Sorry to hear of your friends separation. Its never easy regardless of situation.
However, I would like to share with your my story. In my late teens my mother realised that my father's drinking was out of control and basically shifted herself out of the matrimonial bedroom (which I'm not going to think about too hard

) to the conservatory. Once my brother left home, she took over his bedroom and when I left she moved to my old bedroom which she is still in.
Over the years she just came to considered herself to be the paid housekeeper. She never worked out of the home since she had me and felt that she would loose more leaving the home than staying - the struggle to make ends meet and find somewhere to live would be more stress than she wanted as she approached "retirement" years. Dad's wage covered all the household expenses including her overseas holidays once a year or so. She did take up a volunteer job one day a week on a Sunday (one of my Dad's days off) so she wouldn't need to be in the house with him. Saturday's he usually went out for his hobby day.

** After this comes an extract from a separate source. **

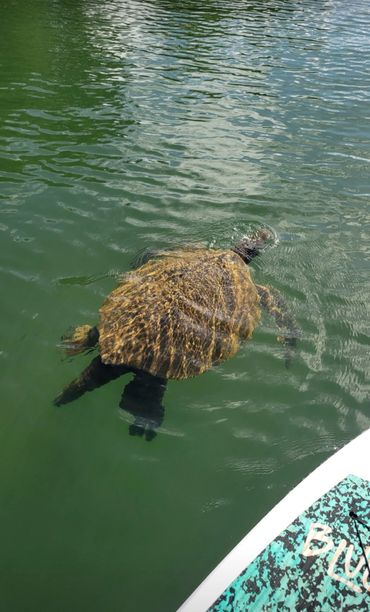 a sea turtle swimming next to paddleboard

As my Dad approached retirement (early) she started to get very concerned about having him home all day, every day and was looking for a way out. However, my Dad has since given up drinking with the help of a heart attack about 6 weeks after he retired and AA.

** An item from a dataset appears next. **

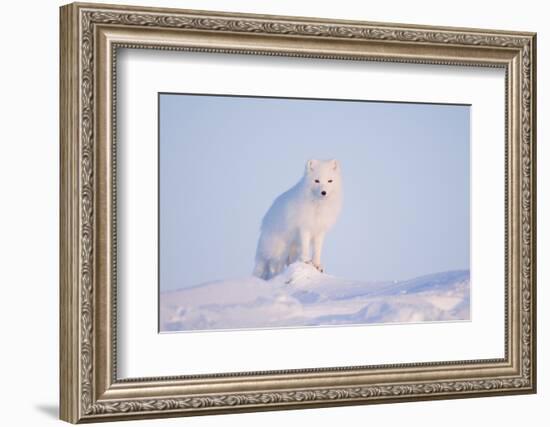 Arctic Fox Adult Pauses on a Snow Bank, ANWR, Alaska, USA-Steve Kazlowski-Framed Photographic Print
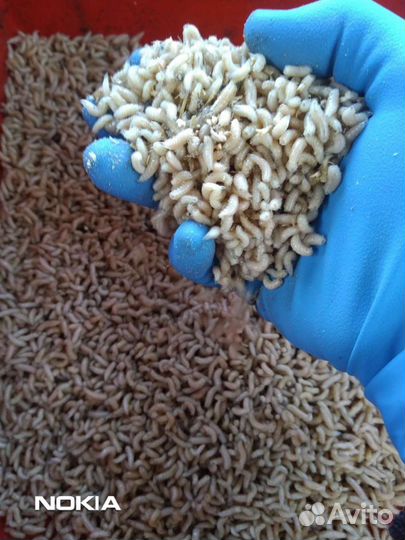 Червь, опарыш для рыбалки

He is now much more reasonable to live with and we have all had to lean to communicate with him again as we basically just ignored him as he wasn't worth talking to. In fact, many people didn't realise he even existed as I never spoke of him.
They still live in the same house but as "flatmates" rather than husband and wife. Dad drives Mum still a little crazy at times but she doesn't feel quite so homicidal towards him since he gave up the booze.